The easiest way is to just:

go get github.com/wjblack/woofie/...

For sure you'll need the portaudio dev files (e.g. apt-get install portaudio19-dev or similar).

If you want to test this (especially on a different arch), I definitely recommend running "go test -v github.com/wjblack/woofie".

Usage

You could just start bin/woofie with no params, or:

bin/woofie --help bin/woofie --woofdir=/path/to/FLAC/dir/

...the latter of which will start the HTTP server on port 40080 with a default path.

There are (as of this writing) two different trigger mechanisms available:

  • Unicast HTTP. This is the default and assumes that the client sends a GET request of the form http://$ip/$path/on|off

  • Broadcast UDP. This method allows the client to send a broadcast UDP packet to the local network without needing to know the specific IP of the server.

The basics like HTTP port, what the assumed path is (handy if e.g. you're behind a load balancer that passes paths through), and so on are in there and fairly straightforward. The business logic, however, is a bit more complex and is explained below.

The schedule is decently sophisticated and is intended to be a sort of "during business hours" disablement of the virtual dog. For example, if you want the dog to shut up totally between 9 and 5 on weekdays and 12 to 3:30 on Saturdays:

bin/woofie --schedule='1-5=9-17,6=12-15:30'

The idea is that the day of the week range is kinda like UNIX cron, where zero is Sunday, one is Monday and so on. Ranges like '1-5' work, and the hour range can be single hours or full HH:MM format (mix and match). Plus you can overlap or have holes no problem, so this is legit:

bin/woofie --schedule='1-5=9-11:30,1-5=12:30-17,4=10-18'

...which would be:

  • Monday, Tuesday, Wednesday, Friday 9-11:30 and 12:30-5 and
  • Thursday 9-6 (because it has the rules above PLUS 10-6 extra)

Note all times are 24-hour time.

Finally, the ALSA hack. If you find your stderr logs are getting spammed with lines like:

ALSA lib pcm_dmix.c:1041:(snd_pcm_dmix_open) unable to open slave

--alsahack will disable stderr for anything but logging (assuming that's where you're sending your logs). It's a bit scorched-earth (and if you need to legit debug, you probably don't want it on), but...

UDP Trigger Mechanism

When using UDP, a preshared key (actually, just a text password) is used with a hash to form the 16-byte packet content. The packet is basically just MD5(password + ":on") or MD5(password + ":off"). This doesn't prevent replay- type attacks (though, honestly, there's nigh zero security on this thing anyway).

Business Logic

We're trying to simulate how a dog thinks here and to try not to be too annoying if the dog's being constantly stimulated.

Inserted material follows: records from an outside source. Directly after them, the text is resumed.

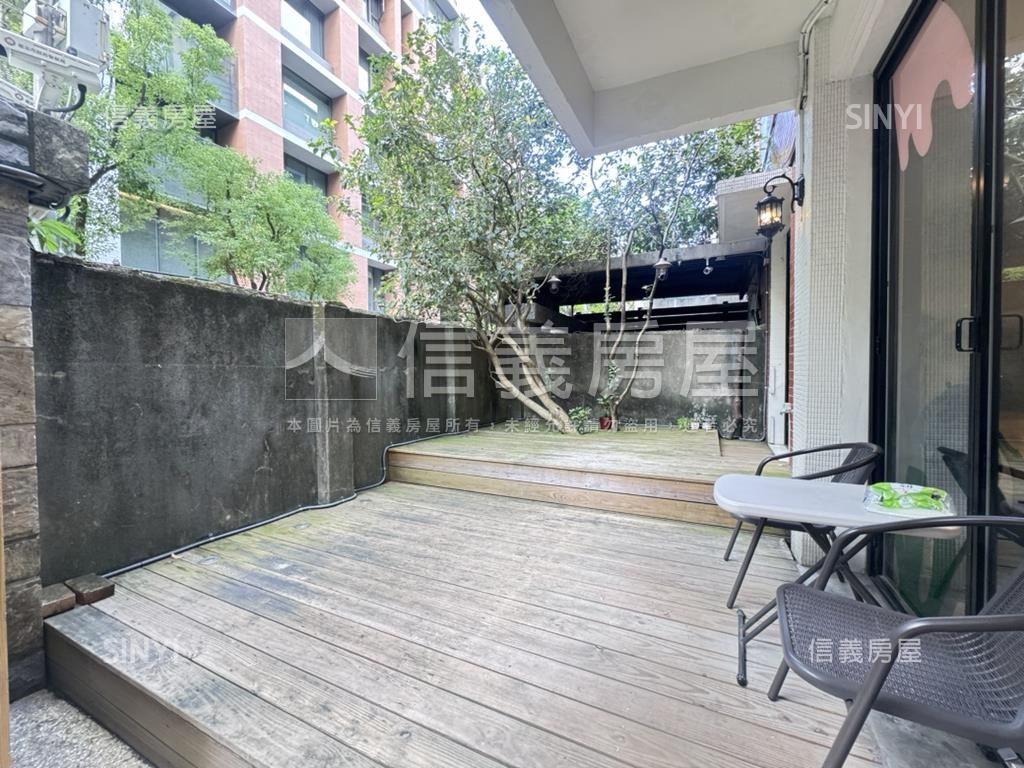 忠孝新生捷運大一樓房屋室內格局與周邊環境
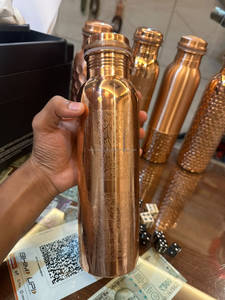 ขวดน้ำทองแดงแท้ 34 ออนซ์ ยี่ห้อ Saniya Handicraft สำหรับทุกเพศ ทุกวัย เป็นมิตรต่อสิ่งแวดล้อม ใช้กับเครื่องล้างจานได้ ทนความร้อน ใช้สำหรับน้ำเดือดได้ ดีไซน์คลาสสิก เหมาะสำหรับออกกำลังกาย ปาร์ตี้ - Product Image 4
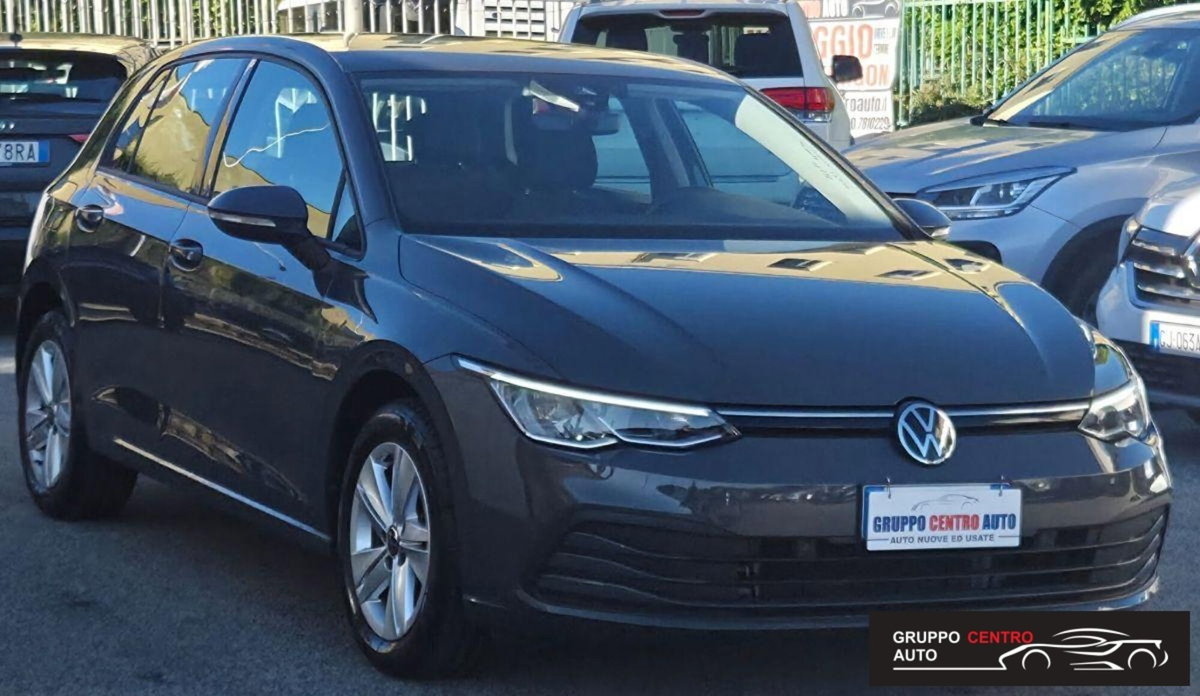 Volkswagen Golf Variant 1.0 eTSI EVO DSG Life (2)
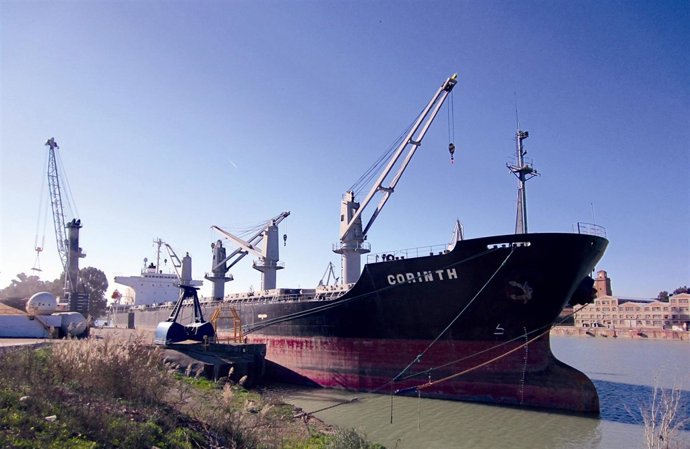 Buque 'Corinth'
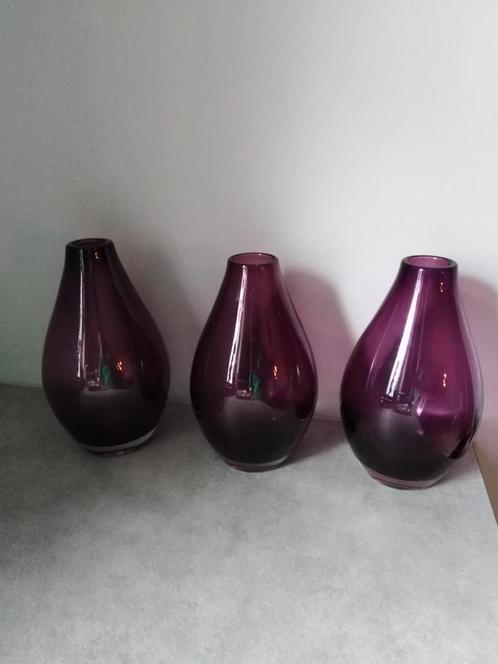 Paarse zware glazen vaas 3 stuks druppelvorm ovaal, Huis en Inrichting, Woonaccessoires | Vazen, Zo goed als nieuw, Overige kleuren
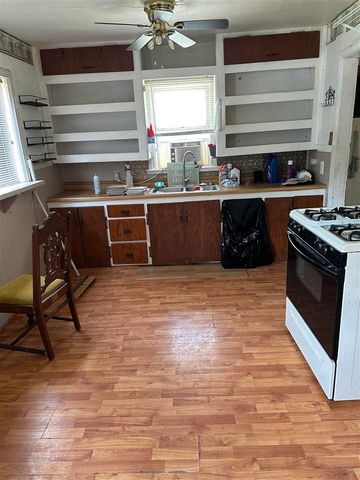 508 SW 18th St, Lawton, OK 73505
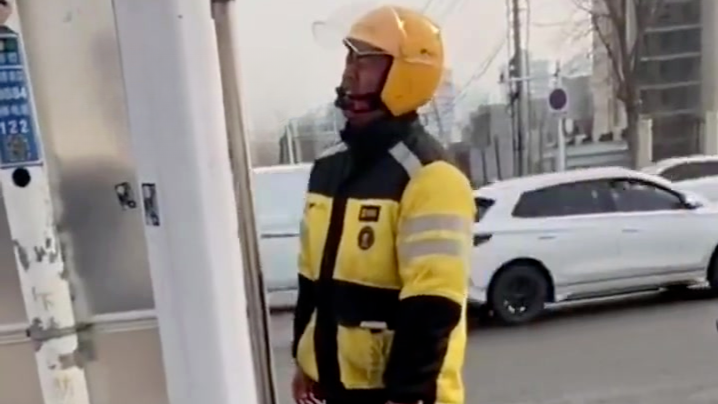 外卖小哥救人后崩溃大哭：当年我爸心梗就是这么没的，心里一直有遗憾
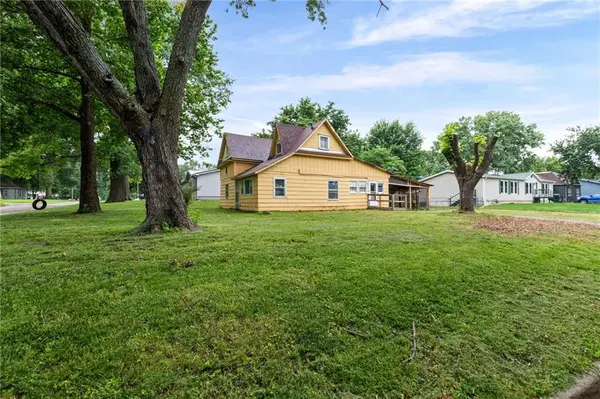 704 N Cherry ST, Ottawa, KS 66067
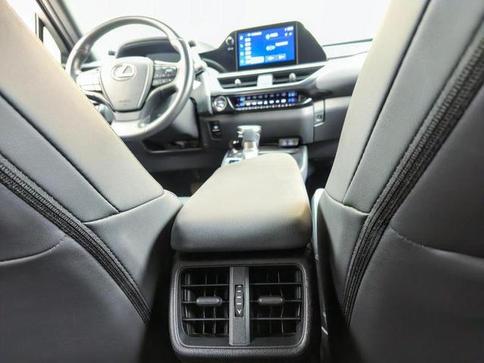 LEXUS UX250H DYNAMIC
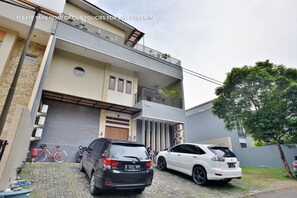 Front of property - Casa Vanda Guesthouse (South Tangerang)
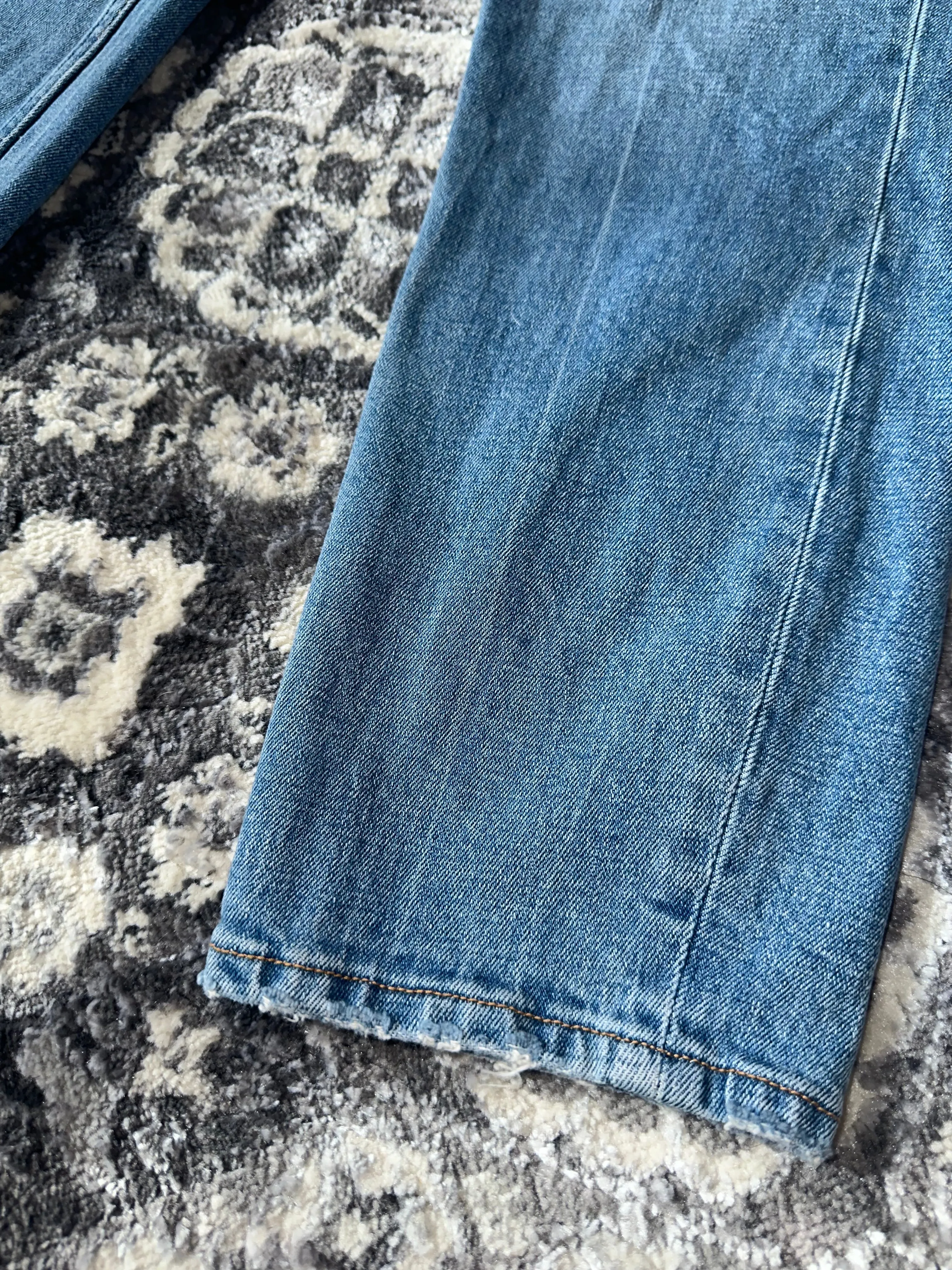 Abercrombie & Fitch (24 // 00) The High Rise Denim Mom Jeans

By default, the algorithm:

  • Barks if motion is detected (i.e. the HTTP /.../on request is called).
  • Doesn't bark if it's been barking a lot lately (e.g. for the last 5 minutes straight).
  • Might decide to randomly bark anyway (fickle, these virtual doggies), and:
  • Therefore has a scoring system to see how annoying it's been lately.

The algorithm can be adjusted with a few parameters:

--resolution=15

Resolution is how long to bark at minimum. Basically, we'll repeatedly play the FLAC files until at least this much time has passed.

--horizon=30

Horizon tells the algorithm how many minutes to look in the past for. The shorter the horizon, the quicker the annoyance threshold drops off.

--score=150

The score gives a max point after which we won't bark again for a while. The score is calculated by assigning a point value to each bark entry in the logs in decaying proportion based on how long ago the bark was (this minute = max points, near the horizon = min points). So if we barked a bunch in the last half hour, we could decide to cool it for a bit (or if we have less more recently).

--randomfactor=5

This is a percentage chance that the virtual dog will decide to forego the above algorithm and bark anyway if motion is detected. That way the dog lets his presence known if e.g. there's frequent motion detected) without being too annoying.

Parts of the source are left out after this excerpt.